Economic insulation further dampens strike incentives. While inflation and currency collapse have devastated merchants and urban wage earners, the oil sector remains partially shielded from the broader crisis. Compensation structures in energy production often track hard-currency benchmarks, and the state has prioritized timely wage payments and benefits for oil workers. Even contract laborers typically earn above the national average, particularly in skilled roles.
This insulation produces a rational calculation. A strike threatens not only income but also access to housing, health care, and allowances that buffer workers from economic volatility. In an economy marked by high unemployment and limited mobility, many oil workers view protest participation as an unacceptable gamble. Past protest cycles confirm this logic. During unrest in 2019 and 2022, oil workers largely stayed on the sidelines while demonstrations were concentrated in sectors with less to lose and fewer institutional protections.
Security control represents the most decisive barrier. The regime treats oil infrastructure as a strategic asset and places it under direct oversight of the Islamic Revolutionary Guard Corps. Security units monitor facilities, restrict access, and maintain constant surveillance of workers. Authorities criminalize labor organizing and respond quickly to any sign of coordination.

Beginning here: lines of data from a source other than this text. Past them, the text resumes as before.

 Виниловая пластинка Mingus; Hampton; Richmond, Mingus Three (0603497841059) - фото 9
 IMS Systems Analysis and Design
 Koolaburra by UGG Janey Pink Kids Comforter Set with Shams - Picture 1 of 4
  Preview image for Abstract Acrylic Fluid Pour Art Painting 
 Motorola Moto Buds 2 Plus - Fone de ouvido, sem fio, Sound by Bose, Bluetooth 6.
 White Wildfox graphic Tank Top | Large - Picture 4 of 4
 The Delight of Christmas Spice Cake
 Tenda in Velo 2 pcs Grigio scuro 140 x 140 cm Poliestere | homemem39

Arrests, interrogations, and forced confessions have followed previous attempts at collective action, creating a strong deterrent effect.

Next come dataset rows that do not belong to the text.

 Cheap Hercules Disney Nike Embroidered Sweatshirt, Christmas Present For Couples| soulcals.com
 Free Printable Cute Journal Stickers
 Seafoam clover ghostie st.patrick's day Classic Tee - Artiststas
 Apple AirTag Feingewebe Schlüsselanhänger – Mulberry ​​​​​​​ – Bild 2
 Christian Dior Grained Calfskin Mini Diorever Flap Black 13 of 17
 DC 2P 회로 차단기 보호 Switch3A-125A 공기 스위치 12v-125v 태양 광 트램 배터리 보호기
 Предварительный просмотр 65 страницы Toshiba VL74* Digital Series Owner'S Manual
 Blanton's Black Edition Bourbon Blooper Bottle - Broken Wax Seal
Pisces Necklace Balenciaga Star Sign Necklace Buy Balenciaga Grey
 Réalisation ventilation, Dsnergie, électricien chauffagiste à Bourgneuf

Arrests, interrogations, and forced confessions have followed previous attempts at collective action, creating a strong deterrent effect.
This securitization extends beyond physical control. Communication restrictions and periodic internet shutdowns prevent workers from coordinating across sites or regions. Even when isolated stoppages occur, security forces move rapidly to contain them before they disrupt production or exports. The regime has learned from the 1979 revolution and designed its energy sector to prevent precisely the kind of labor mobilization that once brought it down.

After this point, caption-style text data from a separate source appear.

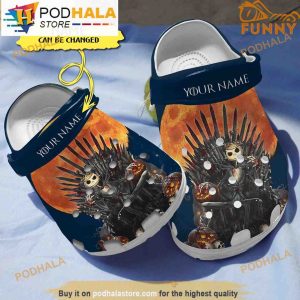 Custom Jack Skellington Crown Royal Halloween Crocband 3D Crocs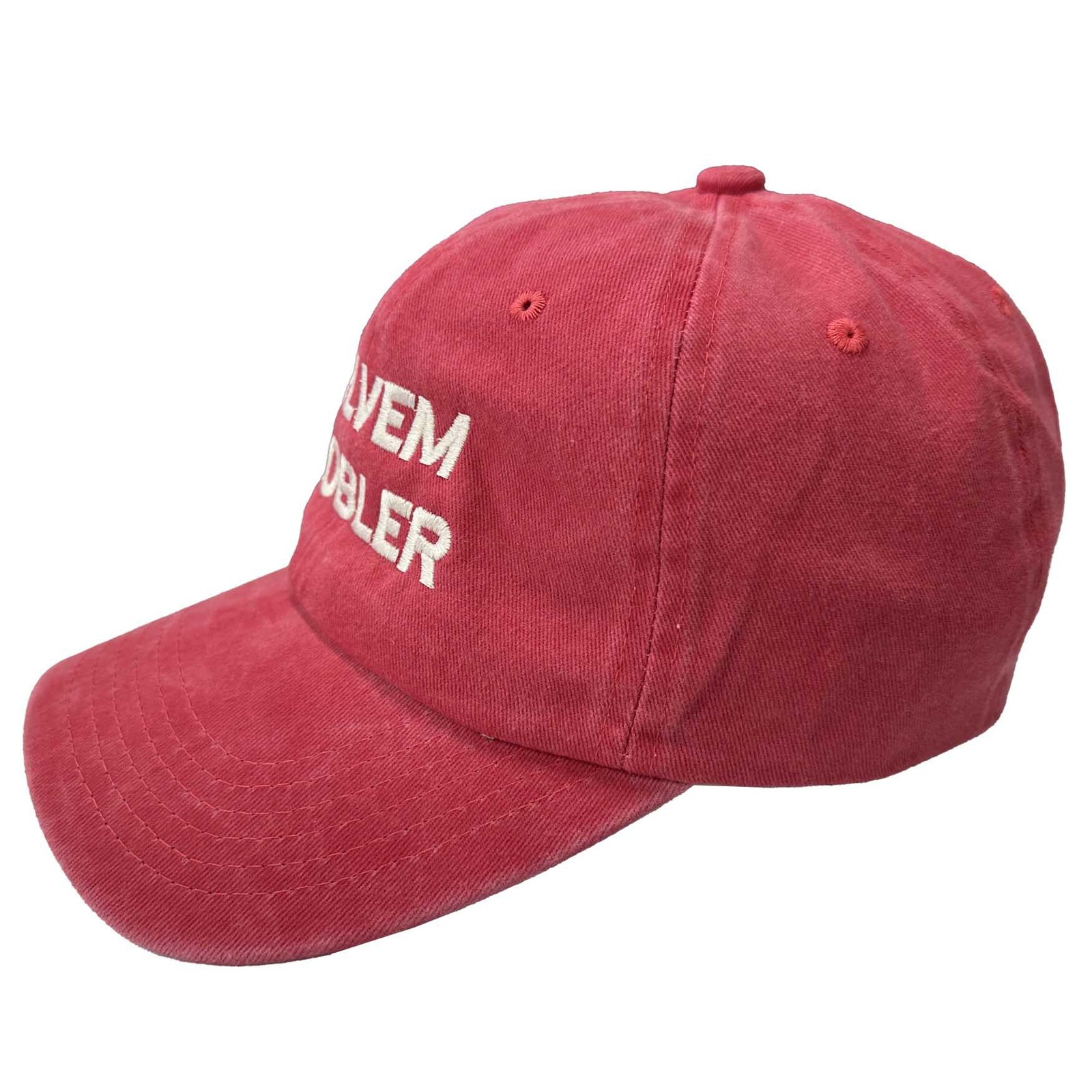 “Solvem Probler” 6 Panel Low Profile Embroidered Cap Coral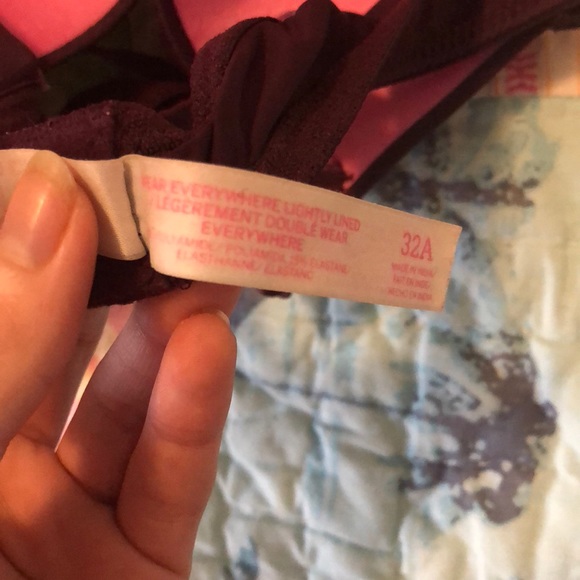 PINK Maroon Wear Everywhere Bra🍒 - Picture 3 of 3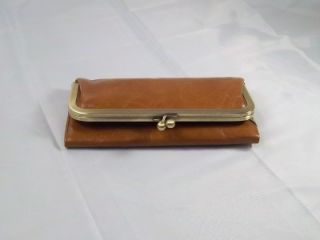 Hobo International Rachel Vintage 'Caramel' Leather Clutch Wallet VI 3356 NWT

Political appeals alone cannot overcome these constraints. Calls from opposition figures for energy sector strikes assume a level of organizational capacity and risk tolerance that does not exist under current conditions. Without mechanisms to protect participants, compensate losses, or sustain coordination, such appeals remain symbolic. They may resonate rhetorically but fail operationally.
Taken together, labor fragmentation, economic insulation, and securitization explain why Iran’s oil workers have not struck. These factors do not operate independently; they reinforce one another. Fragmentation limits solidarity, insulation raises the cost of participation, and security control eliminates space for organization. The result is a sector engineered for stability amid unrest elsewhere.
This does not mean oil workers will never mobilize but, rather, that escalation requires structural change, not rhetorical escalation. Sustained erosion of wage protections, breakdowns in security enforcement, or successful coordination across labor tiers could alter the calculus. For now, however, the regime’s design holds. Protests may disrupt commerce, politics, and urban life, but they have yet to penetrate the core of Iran’s energy economy. Until those barriers weaken, expectations of an oil-led tipping point will remain misplaced.